It is hinted that a single fossil of Homo sapiens that was found in Morocco may cause a great effect in the human history. The found fossil can possibly change Charles Darwin's "Theory of Evolution".

In 1961, paleoanthropologists discovered fossils in a barite mining operation at Jebel Irhoud massif in Morocco. Scientific American reported that a fossil of the human skull was dug at some 100 kilometers west side of Marrakech.

According to History, what was found in a cave in Morocco were the oldest known specimens of Homo sapiens that is suspected to be around 200,000 years. The discovered fossils may trigger the known history and belief that the first human species has lived in East Africa.

Along with the fossils of the Homo sapiens are animal remains, stone tools and bones from other individuals. The fossils remained a mystery for it look primitive that other Homo sapiens fossils that were found. Thus, a team of researchers has concluded that the remains found by barite miners were the earliest remains of Homo sapiens than those found in Africa.

Jean-Jacques Hublin led a team from Max Planck Institute for Evolutionary Anthropology in Germany has unearthed more stone tools and human fossils as additional evidence for the theory. The team suggests that human species may have occurred much from earlier times compared to the oldest known remains of Homo sapiens found in Ethiopia which is said to be 195,000 years old.

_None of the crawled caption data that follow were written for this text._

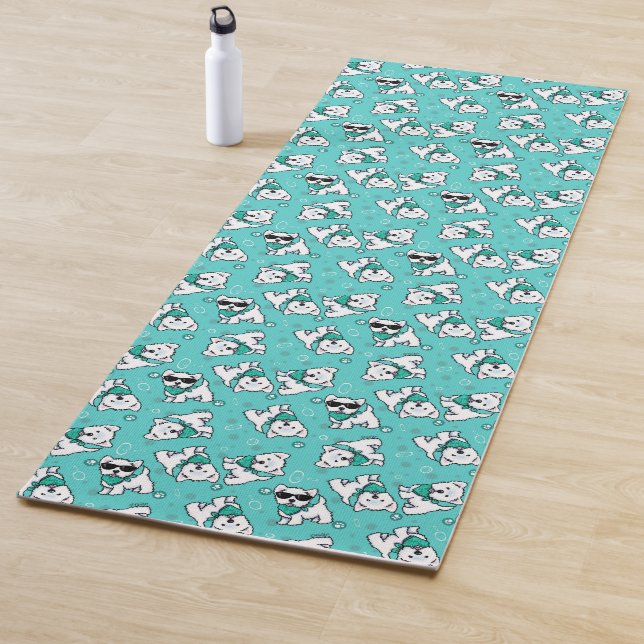 KiniArt Cutieface Westie Yoga Mat (In Situ)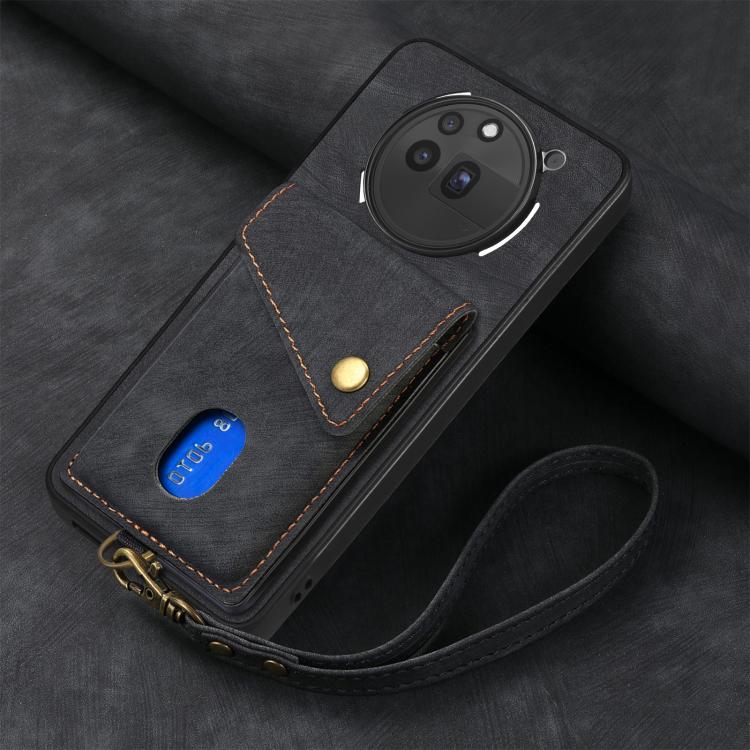 For Nothing Phone 3a Pro Retro Card Wallet Fold Leather Phone Case with Strap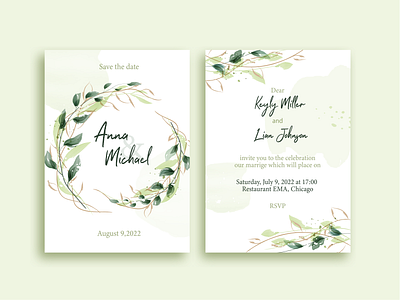 Wedding invitation card adobeiiustrator card design graphic design illustration invitation rustic style vector watercolour wedding wedding card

Aside from the 195,000 years old fossil that was found by Richard Leakey's team near the Omo River, another skull follows the dates. The said skull was dated between 160,000 and 154,000 years old and was found in 2003 in Herto.

If Hublin and his team are correct, the five different Jebel Irhoud fossils of Homo sapiens found in Morocco are somewhere around 300,000 years old. Furthermore, the tools were found dated between 280,000 and 350,000 years old through a method called thermoluminescence.